DIRECTIONAL BOREHOLE RADAR LOGGING TOOL (DBOR) FILE INFORMATION
Each DBOR file is composed of 24 records. Each record contains a 512 byte header and the 32 bit floating point data. The number of data points in the record is recorded in the header (see below). Each record corresponds to a single azimuthal data point (i.e. 15°). Each file begins at 0° and ends at 345°. The angle that the data was collected at can be found in the header under the Theta: entry. All data are in volts, however any changes in the amplitude induced by the programmable attenuator are not compensated for in the data. The programmable attenuator setting can be found in the header under the Attenu: entry.
Time spacing needs to be calculated based on the value in the samp_int: entry. The first entry is at 0.0 seconds and all other data points follow at the sample interval rate.
Header
The header is composed of 512 bytes of binary data the following is a description of the items in the file.
Site: Description of site
Oper: Operator name
Well: Description of Well
Z(0): Initial depth (meters)
Z: Depth increments (meters)
Theta: Angle increments (degrees)
Date: Date (MM/DD/YY)
Time: Time (HH:MM:SS)
#pts: Number of points in scope record
samp_int: Interval between scope sample points (seconds)
vert_sens: Scope vertical sensitivity (volts)
Trig_lev: Scope trigger level (volts)
Ant_load: Antenna relative dielectric permittivity loading factor (1.0 for air)
Comments: User comments
Scp_VOff: Scope vertical offset (volts).
TX/RX_Offset: Offset between the TX and RX antennas (meters)
#avg: Number of scope averages
Attenu: Programmable attenuator setting (dB)
Scp_HPos: Horizontal position offset on the scope (seconds)
Pit: Pitch angle from the 3DM mag/accelerometer (degrees)
Rol: Roll angle from the 3DM mag/accelerometer (degrees)

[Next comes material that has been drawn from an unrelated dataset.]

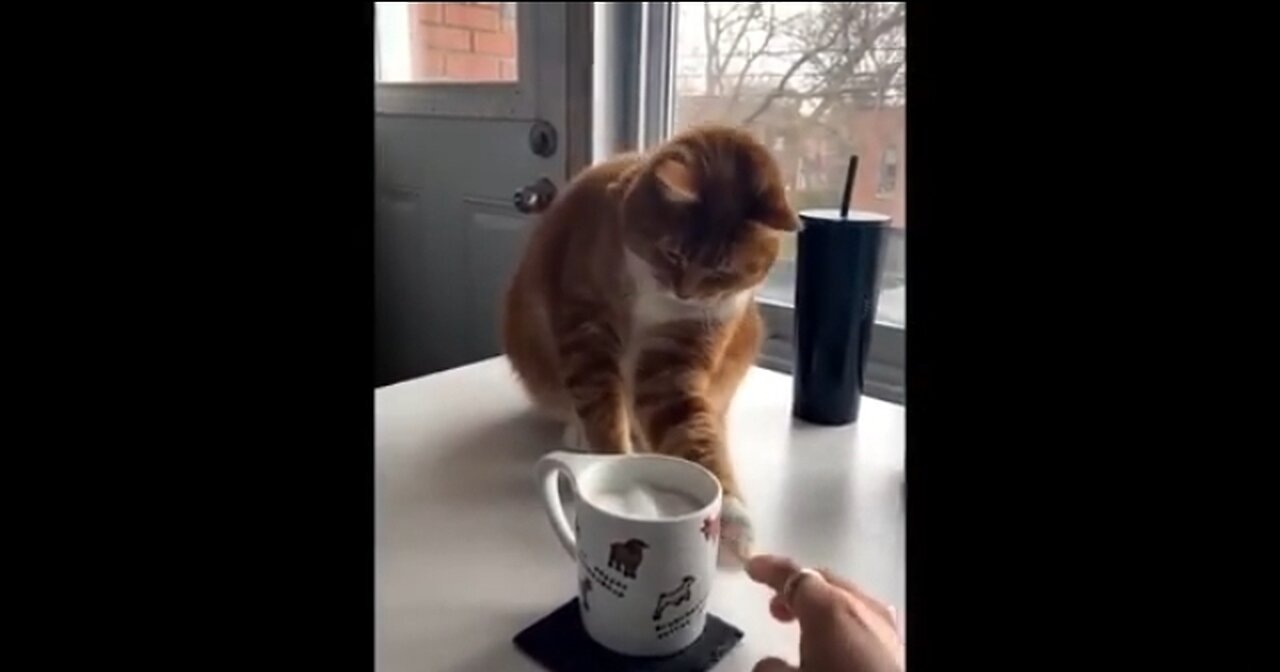 Funny cat videos | Try not to laugh | Cute cats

Yaw: Yaw angle from the 3DM mag/accelerometer (degrees)
Mx: Magnetic x axis info from the 3DM mag/accelerometer (digitizer units1)
My: Magnetic y-axis info from the 3DM mag/accelerometer (digitizer units1)

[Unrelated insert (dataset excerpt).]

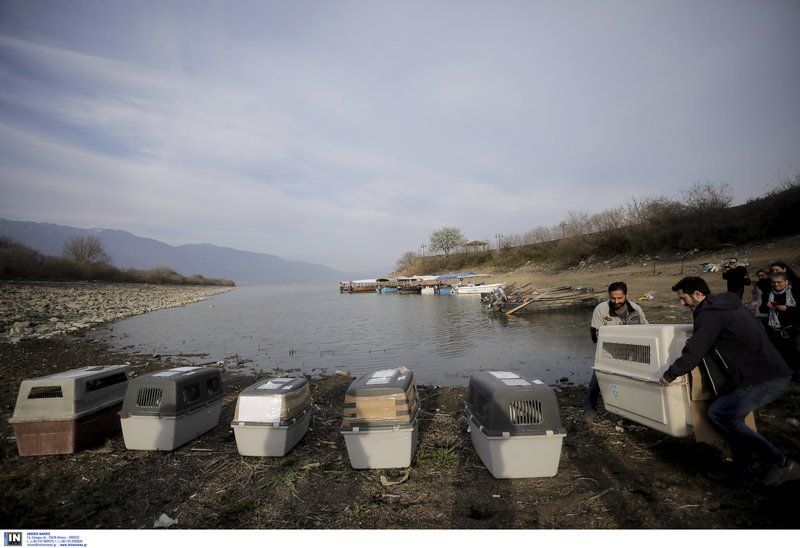 Η απελευθέρωση των συγκεκριμένων ειδών εντάσσεται στη δράση απομάκρυνσης των ζώων που βρίσκονται στην Αίγινα, ώστε κάποια να πάνε στο φυσικό τους περιβάλλον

Mz: Magnetic z axis info from the 3DM mag/accelerometer (digitizer units1)
Ax: Accelerometer x axis info from the 3DM mag/accelerometer (digitizer units1)
Ax: Accelerometer y axis info from the 3DM mag/accelerometer (digitizer units1)

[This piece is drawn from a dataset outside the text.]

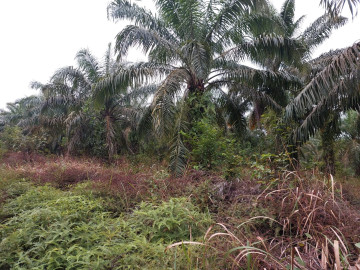 Dijual sebidang tanah murah di tenayan raya-pekanbaru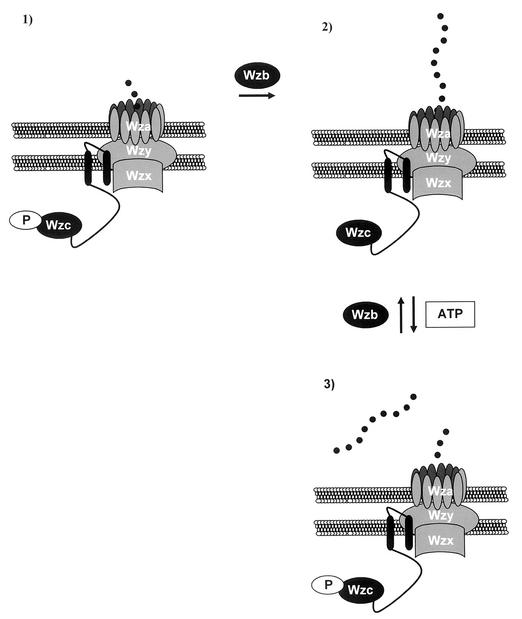 FIG. 8.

Az: Accelerometer z axis info from the 3DM mag/accelerometer (digitizer units1)
EVal: Value of the motor encoder at end of rotation(degrees)
1
The MicroStrain 3DM unit outputs digitizer units that can be interpreted by using the company supplied software (Microstrain, 1995-2000)Example Header:
Site:CSM Sand Tank Oper:JDA Well:Post-injection Z(0):0.000 Z:0 Theta: 0 Date:10/3/01 Time:12:00:57 #pts:1000 samp_int:4.00E-11 vert_sens:0.100 Trig_lev:0.338 Ant_load:1.0 Comments:Post-injection 1hour Scp_VOff:0.050 TX/RX_Offset:0.000 #avg:16 Attenu:10 Scp_HPos:1.05E-7 Pit:82.5 Rol: 0.3 Yaw:16.8 Mx:1.548 My:2.470 Mz:2.296 Ax:0.637 Ax:1.224 Az:0.846 EVal:0
DATA
Following the header are the 32-bit floating point binary data in MS-DOS® personal computer format. This is a modification of IEEE 32-bit floating point format with the byte order reversed. The number of data points in the file is found in the header next to the #pts: entry. The number of points are variable and to read the data the data reading program needs to look at the header to know how many floating point numbers follow. Thus a single record (one angle at 15° increment) with 1000 data points is 4,512 bytes long and a complete data file (one 360° rotation) is 108,288 bytes long.